→ BRIEF
For this exercise, output the line holding "Genuine Leather Antic" and all subsequent lines of the entries below, unchanged, up to and including the last.

→ DATA SUPPLIED
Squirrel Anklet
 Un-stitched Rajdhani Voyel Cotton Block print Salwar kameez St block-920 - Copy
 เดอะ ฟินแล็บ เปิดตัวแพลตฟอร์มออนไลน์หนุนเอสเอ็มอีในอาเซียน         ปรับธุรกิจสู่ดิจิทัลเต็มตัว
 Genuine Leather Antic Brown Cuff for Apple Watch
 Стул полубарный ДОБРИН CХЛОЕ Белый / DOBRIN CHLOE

→ ANSWER BOX
 Genuine Leather Antic Brown Cuff for Apple Watch
 Стул полубарный ДОБРИН CХЛОЕ Белый / DOBRIN CHLOE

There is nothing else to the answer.